Sociedad
Zulemita Menem y Rodolfo D’Onofrio a en una romántica velada
La pareja enfrentó especulaciones sobre el inicio de su relación
Zulemita Menem (52) y Rodolfo D’Onofrio (74) continúan demostrando su amor en público, esta vez asistiendo juntos a la inauguración del atelier de arte de Carmela Blanco, esposa del exjugador de fútbol Enzo Francescoli. La pareja, más unida que nunca, compartió momentos acaramelados durante la velada, donde se tomaron fotografías abrazados y expresaron su apoyo a la obra de su amiga.
Noche romántica con amigos de toda la vida
La pareja fue parte de la selecta lista de invitados al evento. Se disfrutó de la mejor coctelería, un extenso catering y enriquecedoras conversaciones con amigos cercanos. En una de las imágenes compartidas en Instagram, Zulemita Menem escribió: «open studio», resaltando el espíritu artístico de la noche.
El romance entre Zulemita Menem y Rodolfo D’Onofrio
La relación comenzó casi tres años antes de confirmarse en agosto de 2022. La pareja se consolidó cuando Zulemita viajó a Perú para presenciar un partido de fútbol del equipo de Nuñez, donde D’Onofrio tuvo un papel clave como presidente del club.

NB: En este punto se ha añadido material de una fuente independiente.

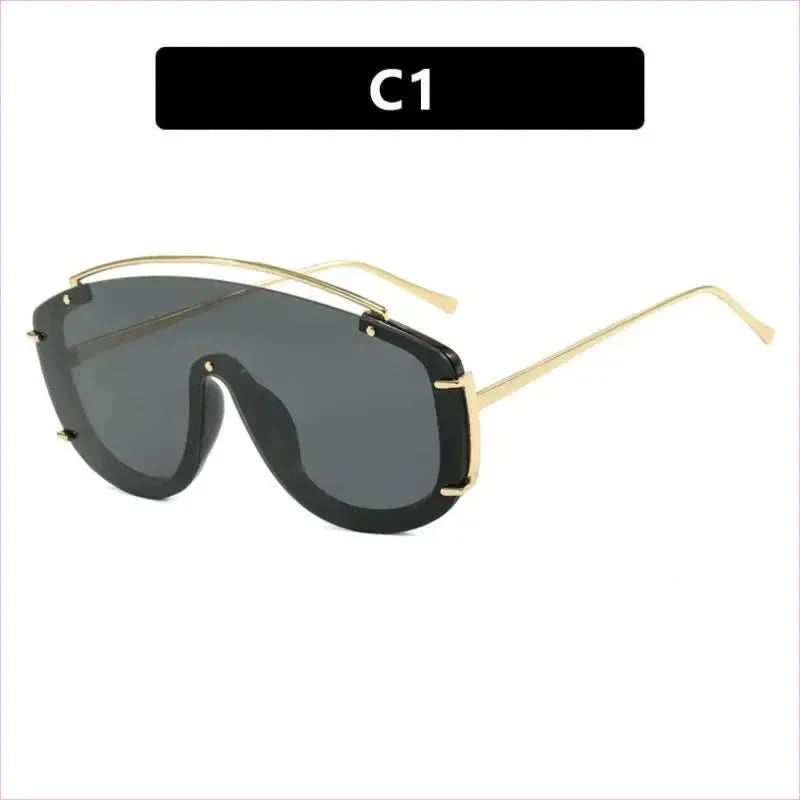 Trendy Large Frame Sunglasses with a Metallic High-end Feel - Pleasures and Sins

Fabián Doman, desde el programa Nosotros a la Mañana, reveló detalles de la historia de amor. Menció en su momento que a la pareja viajó a París y que luego disfrutaron de una suerte de luna de miel en Madrid y Londres. La complicidad entre ambos es evidente, y según testimonios, D’Onofrio trata a Zulemita «como una reina».
El Pollo López, desde el piso de Canal 13, sugiere que la conexión entre Zulemita y D’Onofrio se forjó a través del fútbol, ya que ella es hincha apasionada de River Plate, equipo al que D’Onofrio presidió durante años. La pareja enfrentó especulaciones sobre el inicio de su relación, pero la confirmación llegó con el tiempo. Revelaron que D’Onofrio le brindó su apoyo durante momentos difíciles, como la muerte del expresidente Menem.
La historia de Zulemita Menem y Rodolfo D’Onofrio sigue siendo un tema de interés, mostrando que el amor puede surgir en los lugares más inesperados, incluso en el mundo del fútbol y el arte.